2.Liberty be reserved to the respondents to apply thereafter for dismissal of the proceedings if the security is not provided.

3.The applicant pay the respondents’ costs of and incidental to the application for security for costs to be taxed if not agreed.

Note:Settlement and entry of orders is dealt with in Order 36 of the Federal Court Rules.


IN THE FEDERAL COURT OF AUSTRALIA

QUEENSLAND DISTRICT REGISTRY

QG 70 OF 1997

BETWEEN:

AUSTRALIAN BUILDING INDUSTRIES PTY LTD
(IN LIQUIDATION)  ACN 009 340 952
APPLICANT

AND:

STRAMIT CORPORATION LIMITED ACN 005 010 195
FIRST RESPONDENT

DAVID THOMSON
SECOND RESPONDENT

JUDGE:

COOPER J

DATE:

11 APRIL 2000

PLACE:

BRISBANE

REASONS FOR JUDGMENT

  1. This is an application by the first respondent Stramit Corporation Limited (“Stramit”) and the second respondent Mr David Thomson (“Thomson”) for security for costs.
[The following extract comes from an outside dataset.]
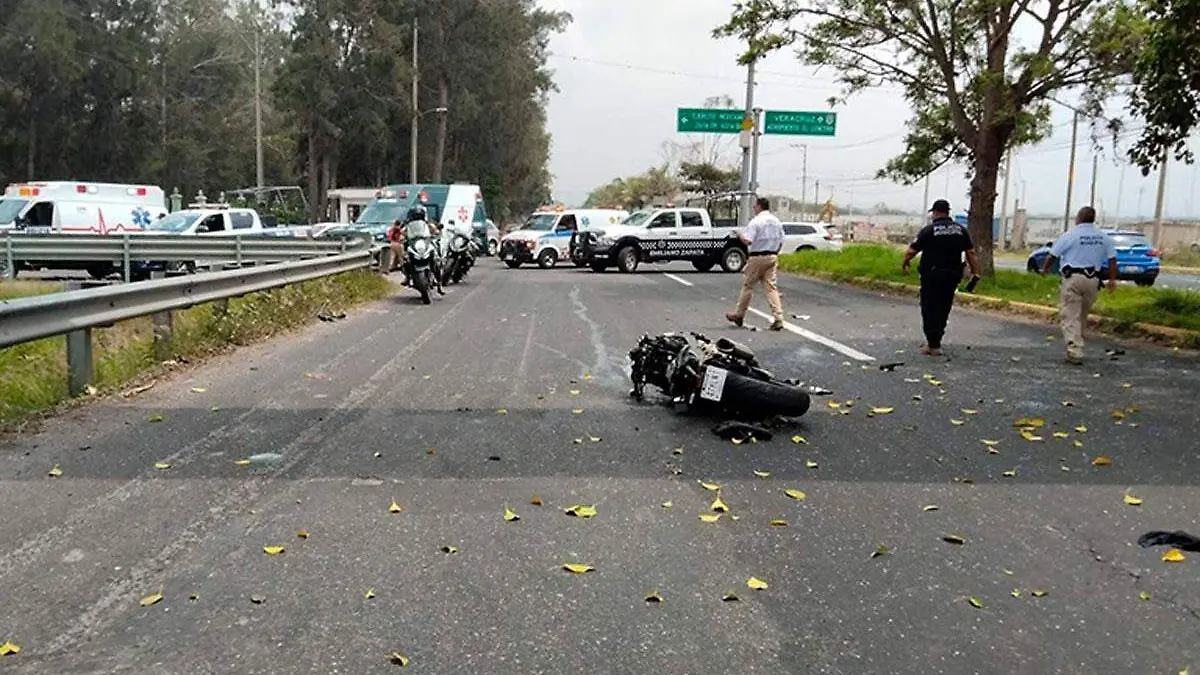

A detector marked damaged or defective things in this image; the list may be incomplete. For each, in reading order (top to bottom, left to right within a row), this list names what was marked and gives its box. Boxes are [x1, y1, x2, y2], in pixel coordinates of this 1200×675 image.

wrecked motorcycle [628, 332, 816, 420]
  2. The applicant Australian Building Industries Pty Ltd (In Liquidation) (“ABI”) to the principal proceedings filed its application on 13 June 1997.  On 17 November 1997 it went into liquidation.

  3. The original proceedings were struck out on 1 August 1997 by Drummond J.  That decision was set aside by a Full Court of this Court on 1 December 1997.  Since that time, ABI has taken no step to advance the litigation save for delivering a bill of costs on 18 August 1999 in respect of the striking out application and appeal to the Full Court.

  4. The causes of action pleaded by ABI are for breach of contract and misleading and deceptive conduct under s 52 of the Trade Practices Act 1974 (Cth). Although allowing the appeal, the Full Court noted that ABI’s prospects of success were no more than marginal.

  5. The application by Stramit and Thomson has been brought under s 56 of the Federal Court of Australia Act 1976 (Cth) and s 1335 of the Corporations Law, and it seeks security for costs estimated at $34,026.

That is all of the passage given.